[Description of the task] The following entries should be restated word for word, pictures excluded.

Recorded data:
▶
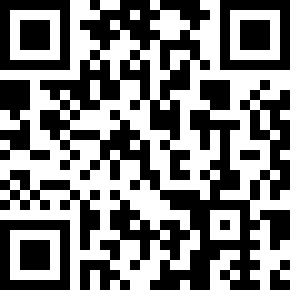 http://www.test.firmbook.eu/38750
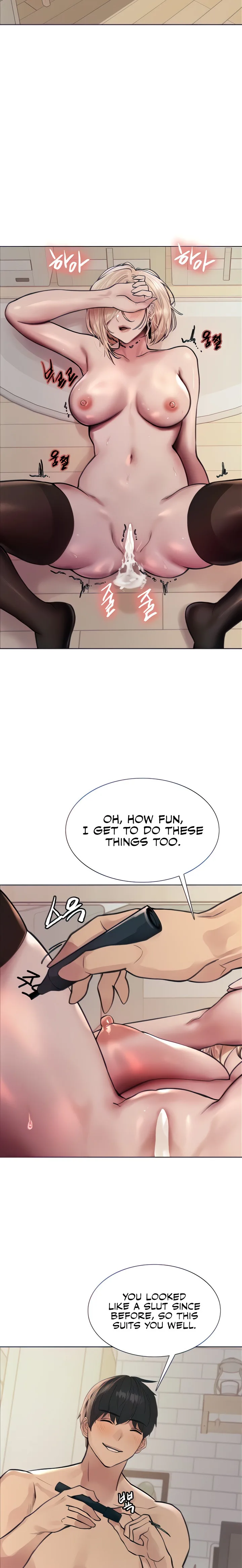 Chapter 70 — Page 11
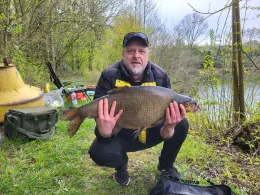 Baggerloch Krüssmann-2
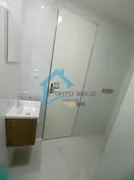Apartamento com 2 Quartos à venda, 47m² no Bernardo Monteiro, Contagem - Foto 10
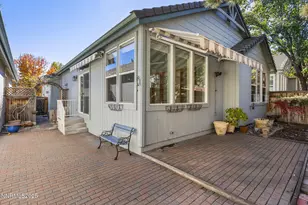 825 Caughlin Crossing, Reno, NV 89519 - Photo 22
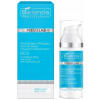 Bielenda Supremelab Hydra-Hyal2 Injection 1,5% liftingový krém s kyselinou hyalurónovou SPF 15 50 ml Bielenda Supremelab Hydra-Hyal2 Injection 1,5% liftingový krém s kyselinou hyalurónovou SPF 15 50 ml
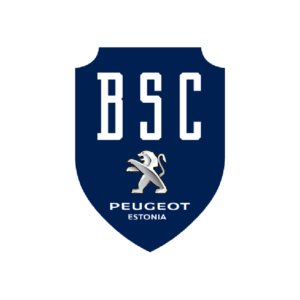 BSC Peugeot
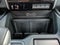2027 RAM 1500 RHO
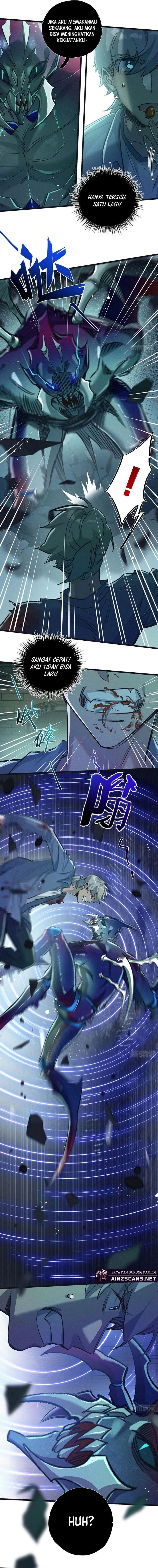 image-komik-apocalypse-super-farm-chapter-45-8/13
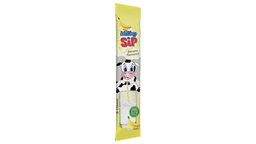 milky-sip-30qr-sudlu-cubuq-daily-banan-10903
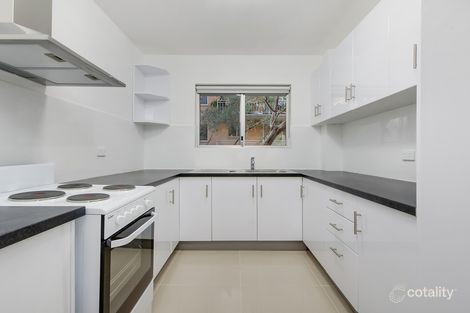 Property photo of 16/11 William Street Hornsby NSW 2077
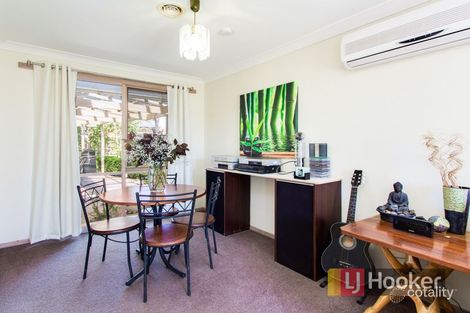 Property photo of 6 Jodi Place Hampton Park VIC 3976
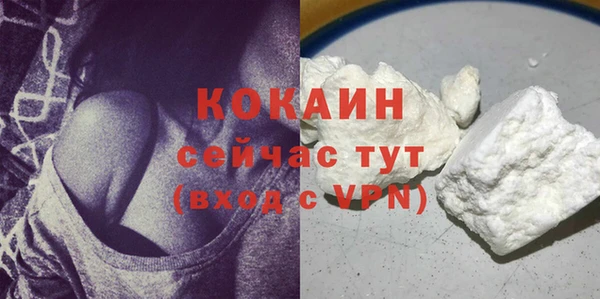 ПСИЛОЦИБИНОВЫЕ ГРИБЫ Дмитров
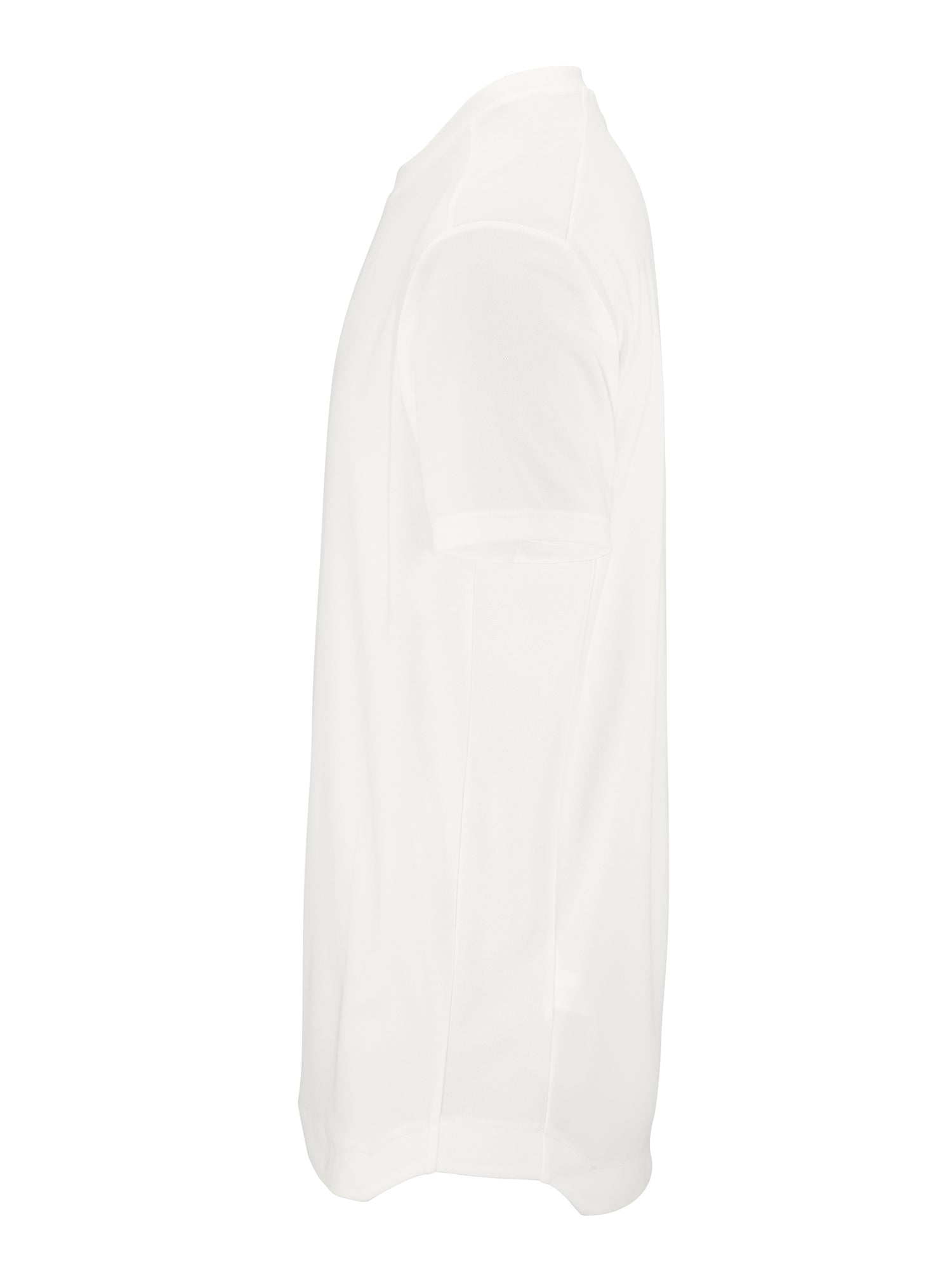 Evolve 2.0 Structured Jersey  M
◀
[Finished task]
 http://www.test.firmbook.eu/38750
 Chapter 70 — Page 11
 Baggerloch Krüssmann-2
Apartamento com 2 Quartos à venda, 47m² no Bernardo Monteiro, Contagem - Foto 10
 825 Caughlin Crossing, Reno, NV 89519 - Photo 22
 Bielenda Supremelab Hydra-Hyal2 Injection 1,5% liftingový krém s kyselinou hyalurónovou SPF 15 50 ml Bielenda Supremelab Hydra-Hyal2 Injection 1,5% liftingový krém s kyselinou hyalurónovou SPF 15 50 ml
 BSC Peugeot
2027 RAM 1500 RHO
 image-komik-apocalypse-super-farm-chapter-45-8/13
 milky-sip-30qr-sudlu-cubuq-daily-banan-10903
 Property photo of 16/11 William Street Hornsby NSW 2077
 Property photo of 6 Jodi Place Hampton Park VIC 3976
 ПСИЛОЦИБИНОВЫЕ ГРИБЫ Дмитров
 Evolve 2.0 Structured Jersey  M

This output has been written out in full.